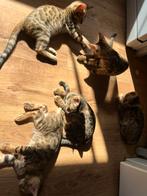 Bengaal kittens., Dieren en Toebehoren, Meerdere dieren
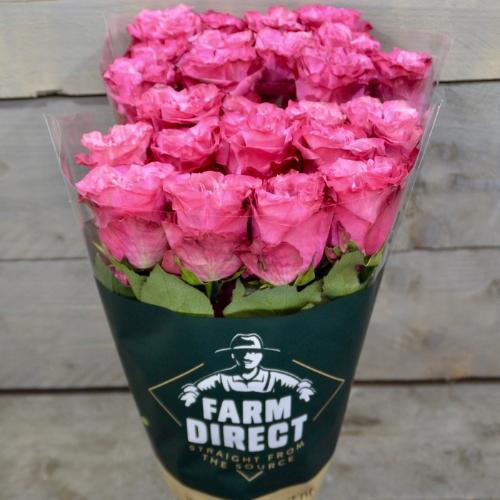 Rosa grootbloemig overig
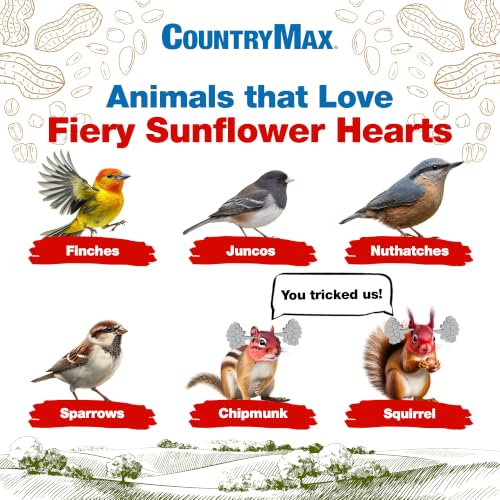 Image of CountryMax Backyard Seeds 20LB Fiery Sunflower Hearts for Birds | No Shell, No Mess, Made with Red Pepper to Discourage Squirrels, High Energy Wild Bird Food for Feeders, USA Sourced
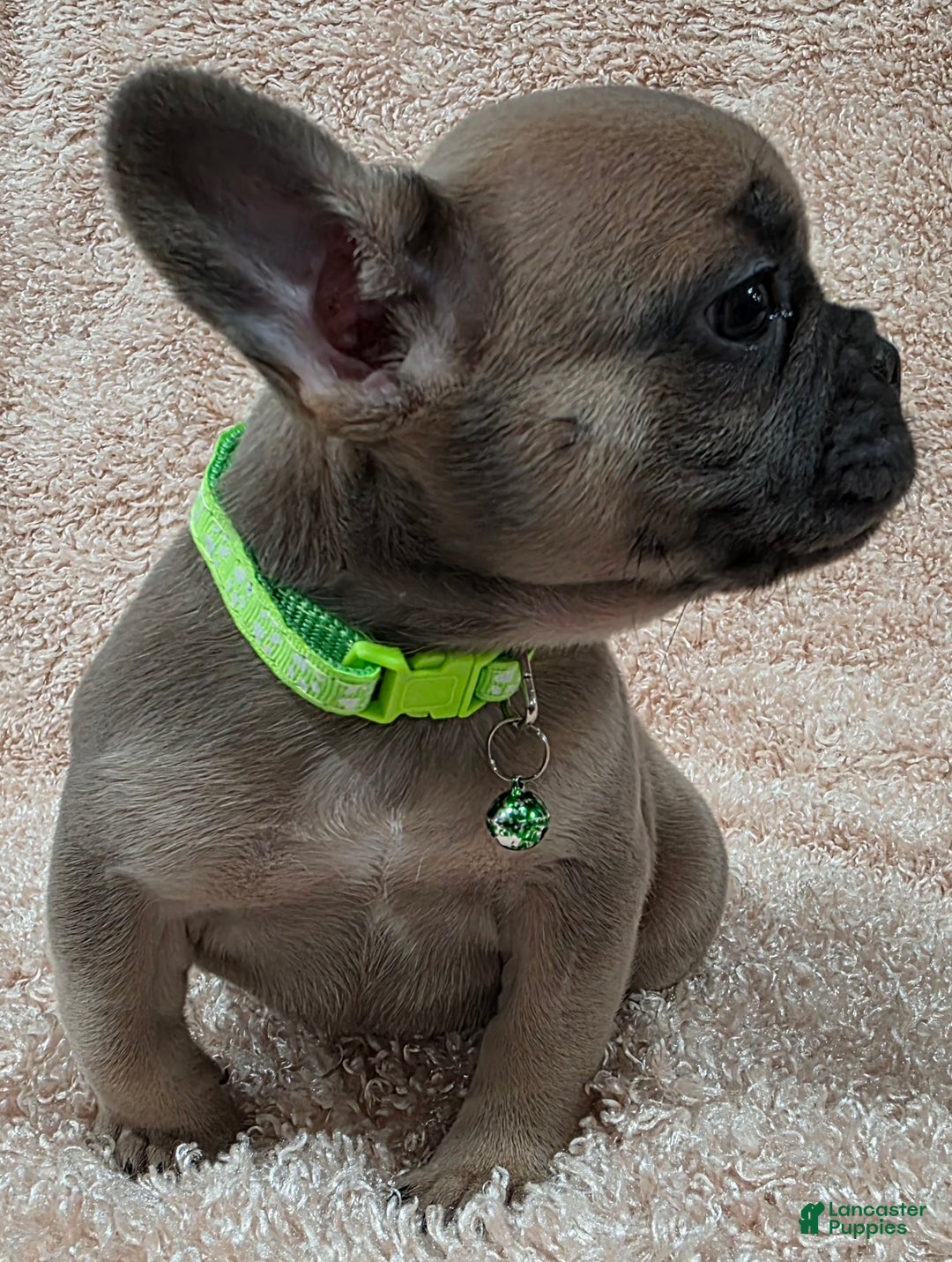 French Bulldog dogs for sale: French Bulldog Puppy 2 - Ad 4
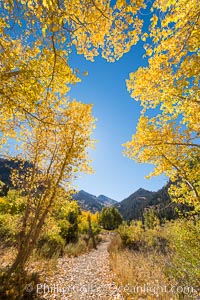 Aspens show fall colors in Mineral King Valley, part of Sequoia National Park in the southern Sierra Nevada, California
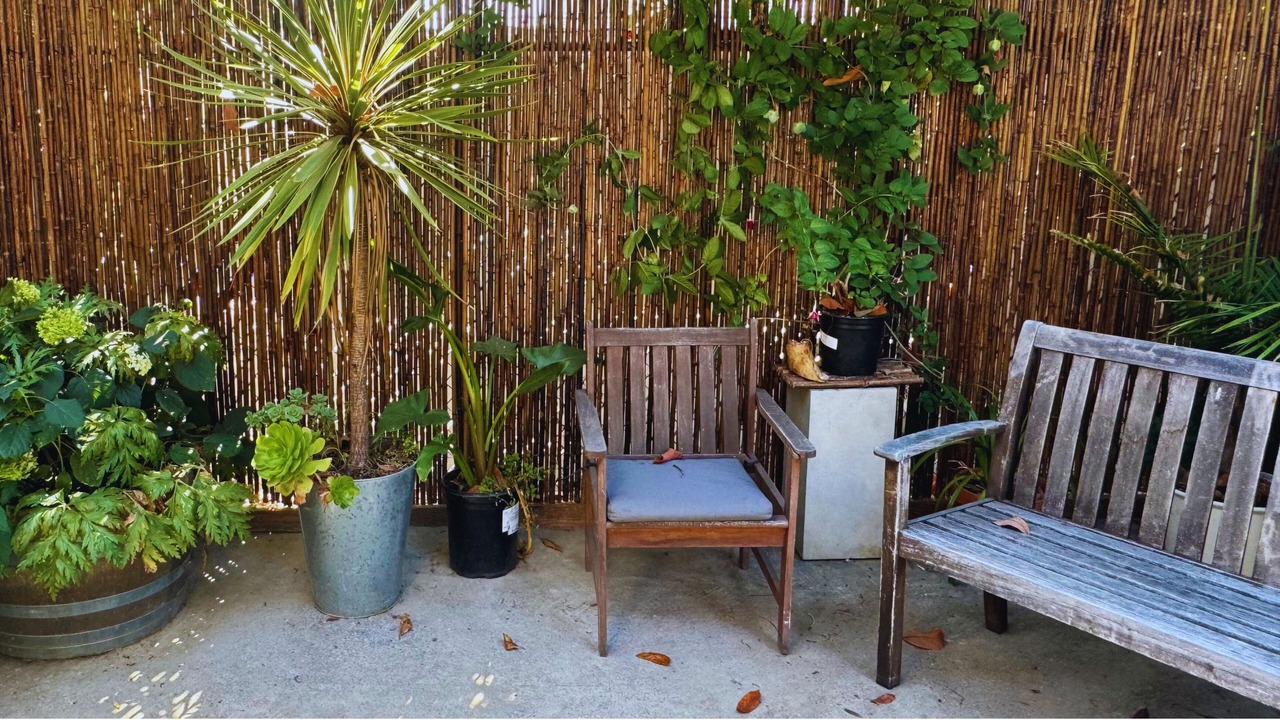 Photo of Outdoor in Oakland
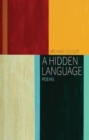 Image for A Hidden Language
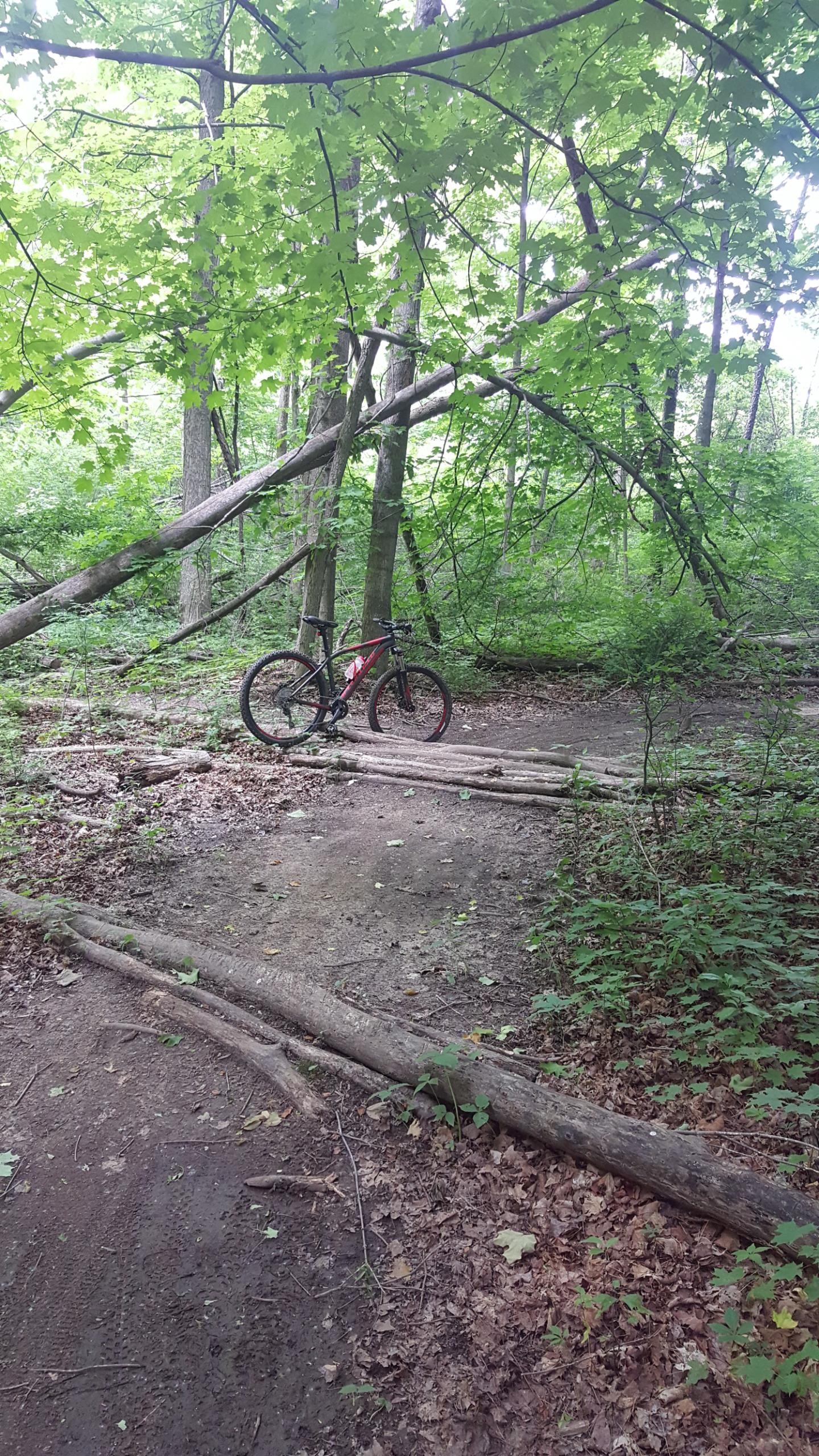 A mountain bike leaning against a tree on a dirt trail surrounded by lush green foliage and fallen branches, indicating a forested area. Morton-Taylor Trail mountain bike trail.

◆ ◆ ◆ ◆ ◆

PROBLEM DESCRIPTION: No pictures should appear in the copy. Reproduce exactly the lines from the line containing "Photo of Outdoor in Oakland" through the last line of the data, inclusive.

TASK RESPONSE:
 Photo of Outdoor in Oakland
 Image for A Hidden Language
 A mountain bike leaning against a tree on a dirt trail surrounded by lush green foliage and fallen branches, indicating a forested area. Morton-Taylor Trail mountain bike trail.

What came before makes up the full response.